Es sin duda reconfortante saber que, con la eventual excepción del ex kirchnerista Posse, todos nuestros dirigentes políticos, intelectuales y, desde luego, sindicalistas están firmemente a favor de la igualdad y que por lo tanto se niegan a discriminar entre «ricos» y pobres, pero es forzoso reconocer que sus sentimientos generosos han incidido muy poco en la evolución socioeconómica del país. Desde hace varias décadas está ensanchándose la brecha no sólo económica sino también educativa y cultural, en el sentido lato de la palabra, que separa a la mitad más o menos solvente de la sociedad y la otra mitad que está hundida ya en la pobreza extrema, ya en la indigencia, y no hay señales de que el proceso así supuesto esté por revertirse. Como diría Cristina, la Argentina está «involucionándose» con rapidez al consolidarse las diferencias sin que los gobiernos que sucedieron a la dictadura militar -todos «progresistas», según su propia definición- hayan hecho lo suficiente como para frenar el proceso. Asimismo, por desagradable que sea señalarlo, los vecinos de lugares como San Isidro tienen motivos bien concretos para querer impedir el ingreso de quienes habitan las villas cercanas. Nadie ignora que la mayoría de las personas que viven en ellas es honesta, pero también se da una minoría que ha hecho del crimen, violento o no, un estilo de vida. Querer protegerse excluyendo a todos puede ser muy antipático, además de muy injusto, pero mientras las villas estén plagadas de narcotraficantes y otros delincuentes es comprensible que los sanisidrenses hayan querido distanciarse de una parte del país que les es ajena. Huelga decir que no son los únicos: medio país parece resuelto a pasar por alto el hecho de que decenas de millones de compatriotas vivan al borde de la miseria.

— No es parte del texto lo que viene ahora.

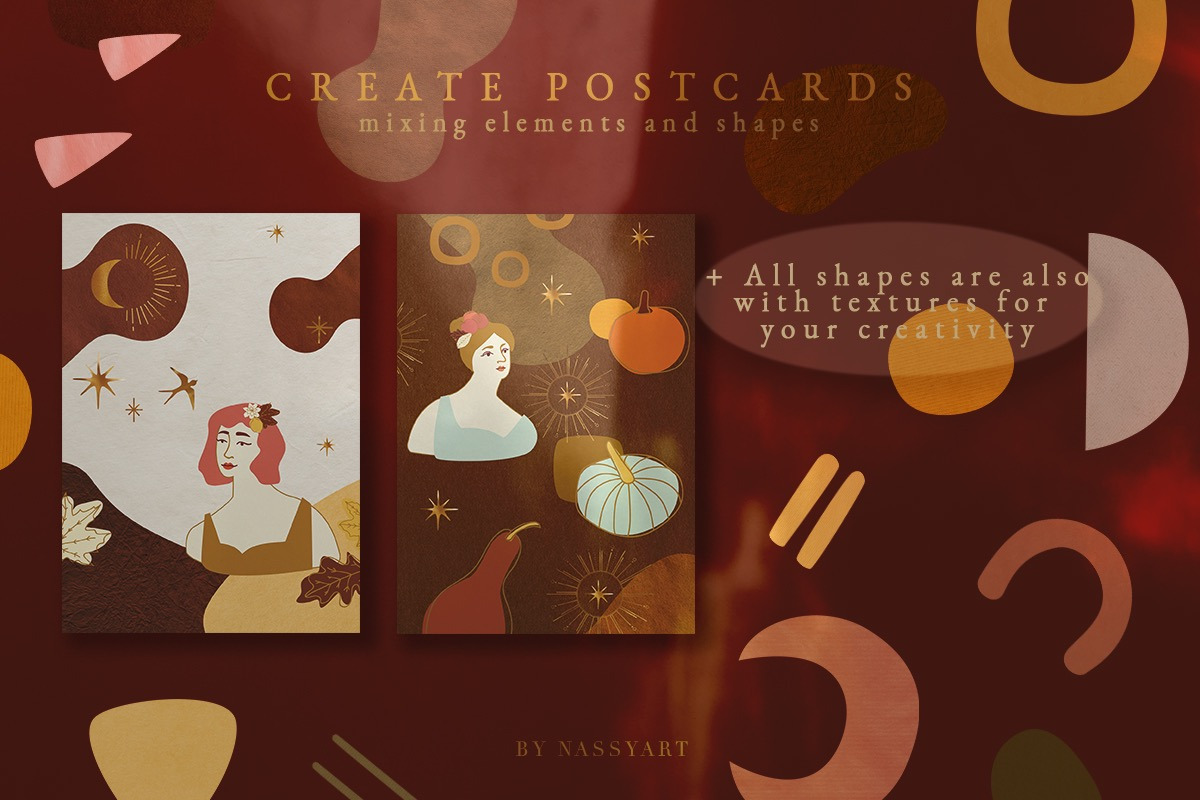 Celestial Fall Abstract Set, a Decorative Illustration by NassyArt (Photo 9 of 11)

Muros de ladrillos y cemento como el de San Isidro pueden ser derribados con facilidad. En cambio, los muros psicológicos y sociales, que son mucho más altos, parecen ser indestructibles. Están conformados no sólo por los prejuicios claramente inaceptables de algunos sino también por las actitudes de políticos y otros para los que los pobres son sujetos pasivos que más que nada necesitan de la caridad ajena o deberían ser movilizados por los dueños de aparatos clientelistas que, por lo común, están más interesados en sus propias prioridades políticas y económicas que en eliminar los obstáculos de todo tipo contra los que los despectivamente llamados humildes tienen que luchar todos los días.

Aunque es natural que quienes tienen algo quieran ayudar a los demás e incluso asumir la responsabilidad por su destino, tanto aquí como en otras partes del mundo sus esfuerzos a menudo sólo sirven para hacer más dependientes a los presuntamente beneficiados por su magnanimidad. Si hay una forma eficaz de ir reduciendo la pobreza «estructural», ésta consiste en posibilitar, mediante la educación y el desmantelamiento de trabas, que los pobres mismos aprovechen al máximo su espíritu emprendedor, no en asegurarles que andando el tiempo el gobierno conseguirá rescatarlos. Todas las promesas en tal sentido han resultado ser falsas, pero ello no ha sido óbice para que políticos de derecha, centro e izquierda hayan continuado repitiéndolas, aunque a esta altura deberían ser conscientes de que sólo se trata de palabras huecas.